_LISTED ENTRIES_
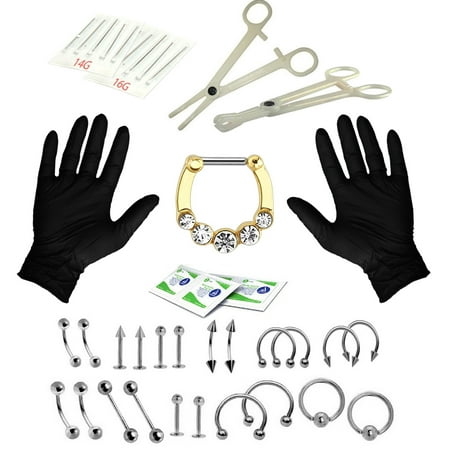 - BodyJ4You 36PC PRO Piercing Kit Steel 14G 16G CZ Clicker Crystals Nose Ring Tongue Belly Jewelry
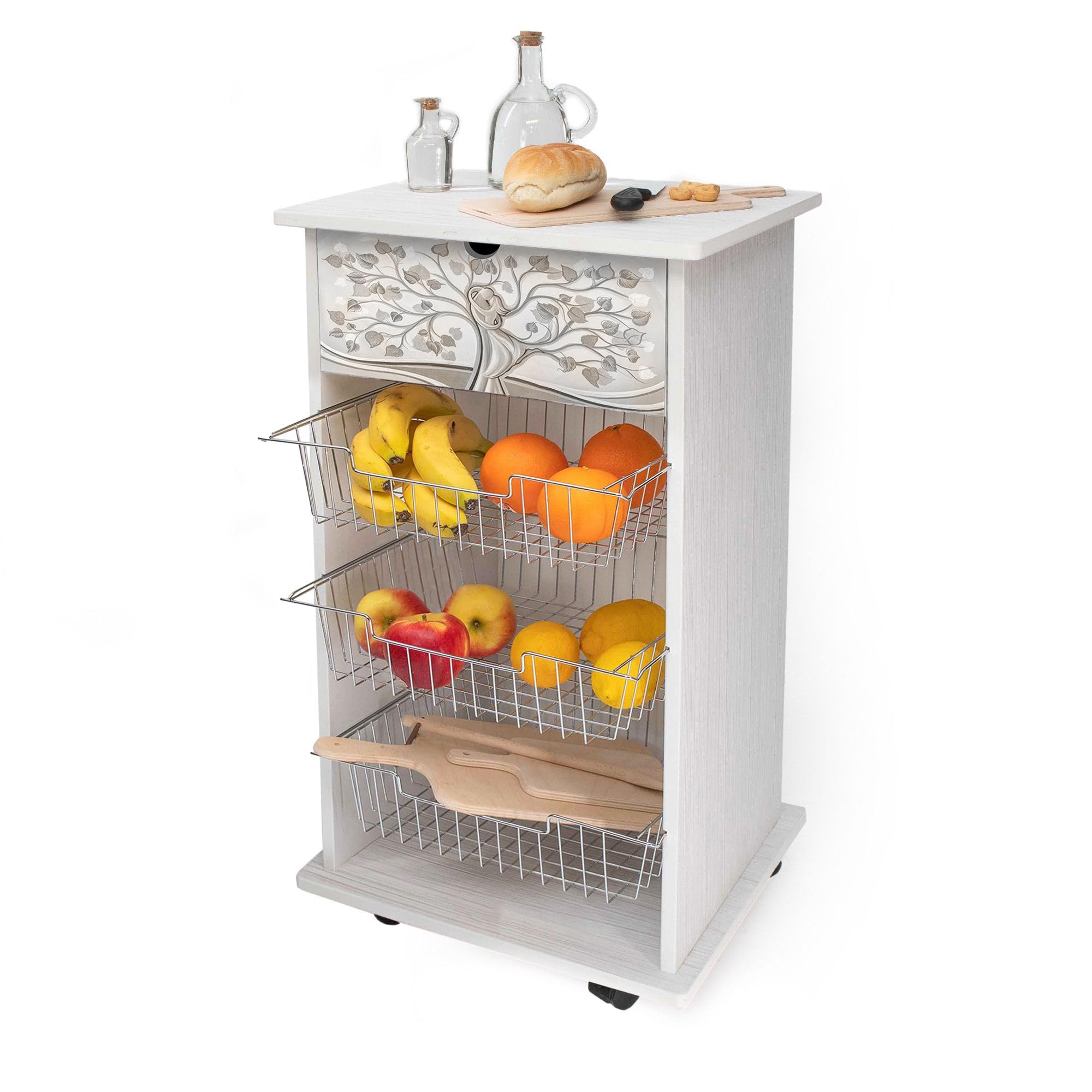 Lupia - Carrello Cucina Multifunzione Bianco WHITE ALBERO ABBRACCIO, Portafrutta Ruote Piroettanti, Piano di Appoggio, tre Cestelli Estraibili in Acciaio, Legno 40X45H85 cm montato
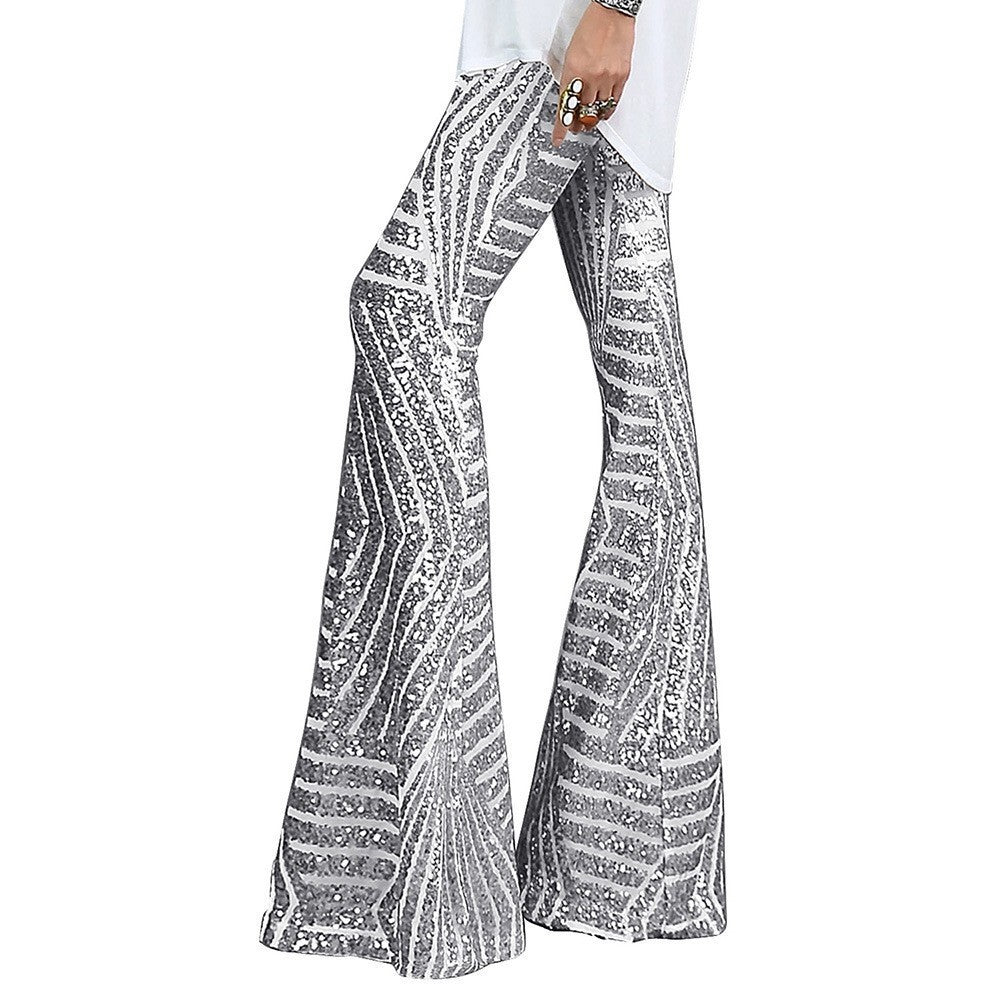 Women's Sequin Flare Pants High Rise Evening Wear – Celeste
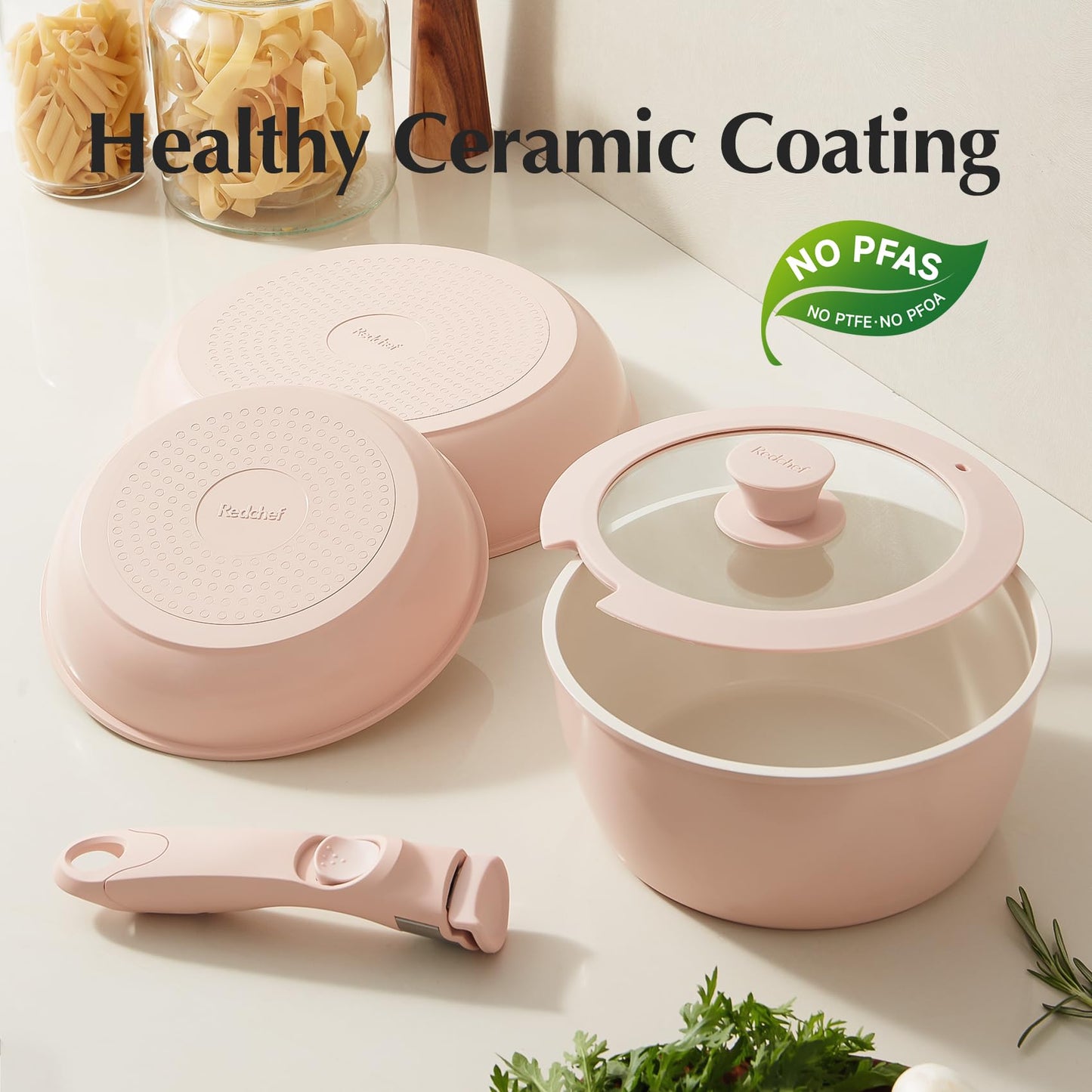 Redchef Ceramic Cookware Set, Removable Handle Pots and Pans Non-Stick, Rv Cookware Set, Non-Toxic Pots and Pans Set No PFAS, PTFE, PFOA, Detachable Pots and Pans, Dishwasher & Oven Safe (Pink)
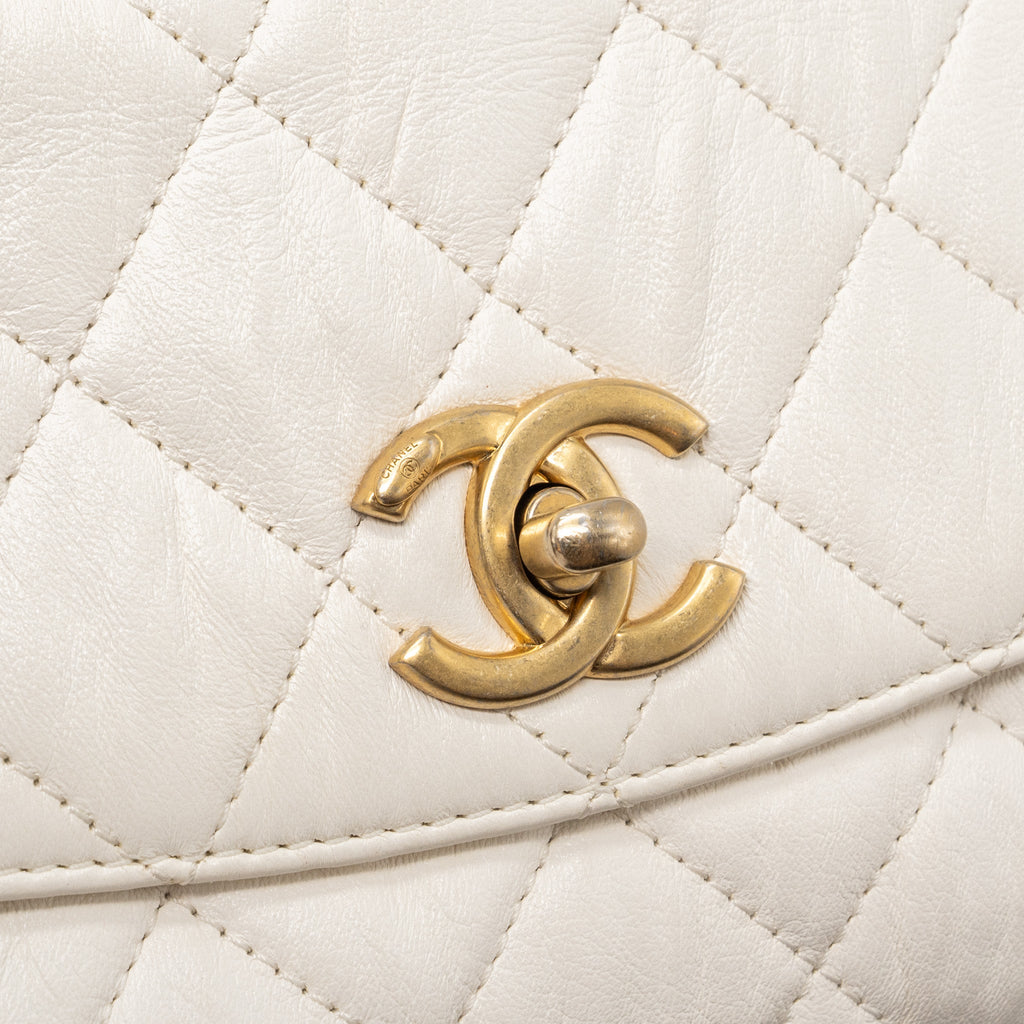 Chanel Top Handle Flap Bag Lambskin White Brush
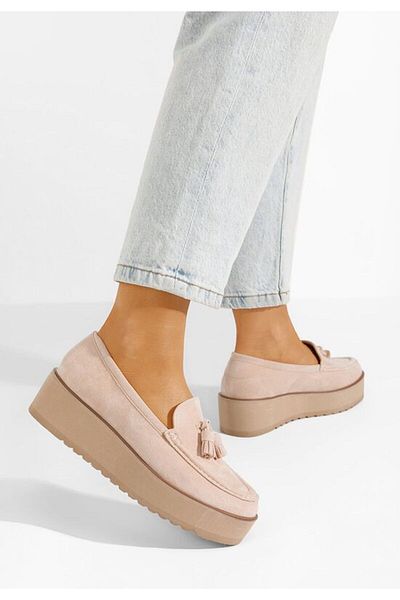 B T Shoes Leondra nude platform loafers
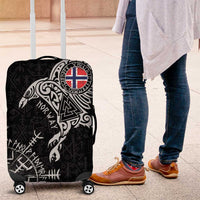 Norway Viking Ravens Luggage Cover Vegvisir Runes Pattern - Wonder Print Shop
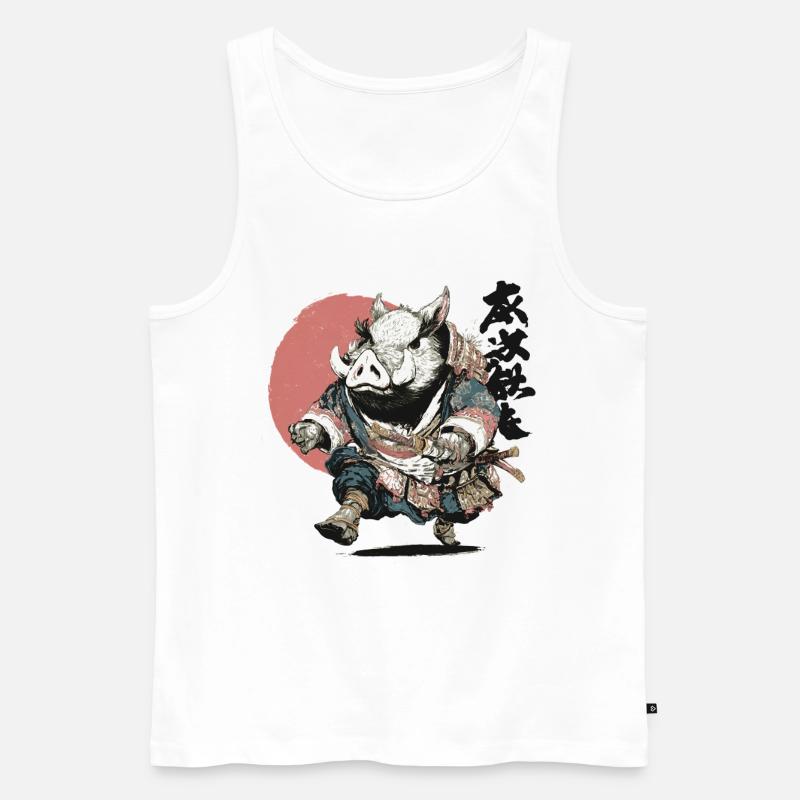 Eber-Samurai in Ukiyo-Rüstung - Männer Premium Bio Tank Top - Weiß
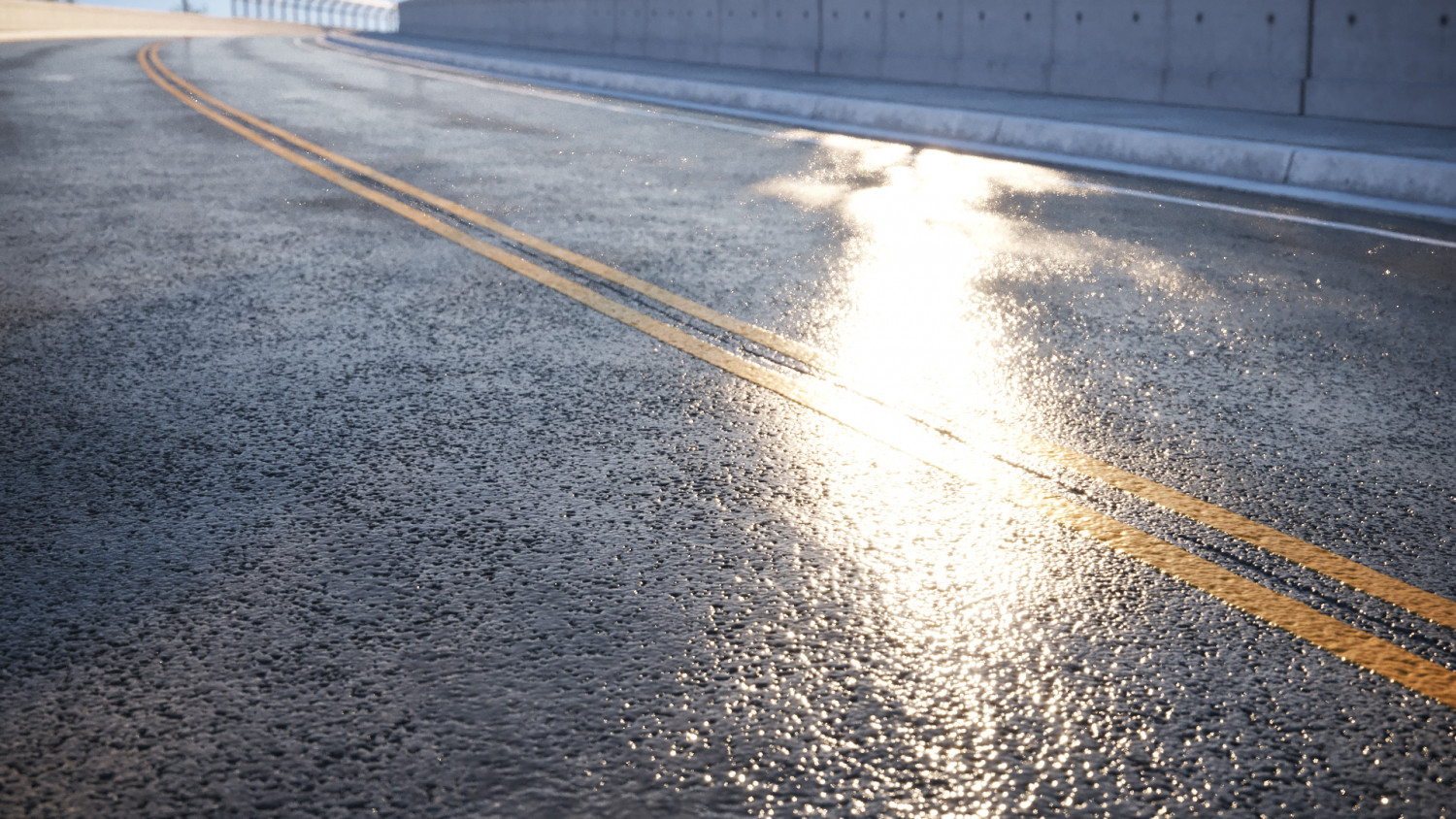 Long wet asphalt road with lines texture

_TASK GOAL_
Copy exactly the lines from the line holding "Lupia - Carrello" to the final line of the listing, and leave the pictures out.

_ANSWER SECTION_
 Lupia - Carrello Cucina Multifunzione Bianco WHITE ALBERO ABBRACCIO, Portafrutta Ruote Piroettanti, Piano di Appoggio, tre Cestelli Estraibili in Acciaio, Legno 40X45H85 cm montato
 Women's Sequin Flare Pants High Rise Evening Wear – Celeste
 Redchef Ceramic Cookware Set, Removable Handle Pots and Pans Non-Stick, Rv Cookware Set, Non-Toxic Pots and Pans Set No PFAS, PTFE, PFOA, Detachable Pots and Pans, Dishwasher & Oven Safe (Pink)
 Chanel Top Handle Flap Bag Lambskin White Brush
 B T Shoes Leondra nude platform loafers
 Norway Viking Ravens Luggage Cover Vegvisir Runes Pattern - Wonder Print Shop
 Eber-Samurai in Ukiyo-Rüstung - Männer Premium Bio Tank Top - Weiß
 Long wet asphalt road with lines texture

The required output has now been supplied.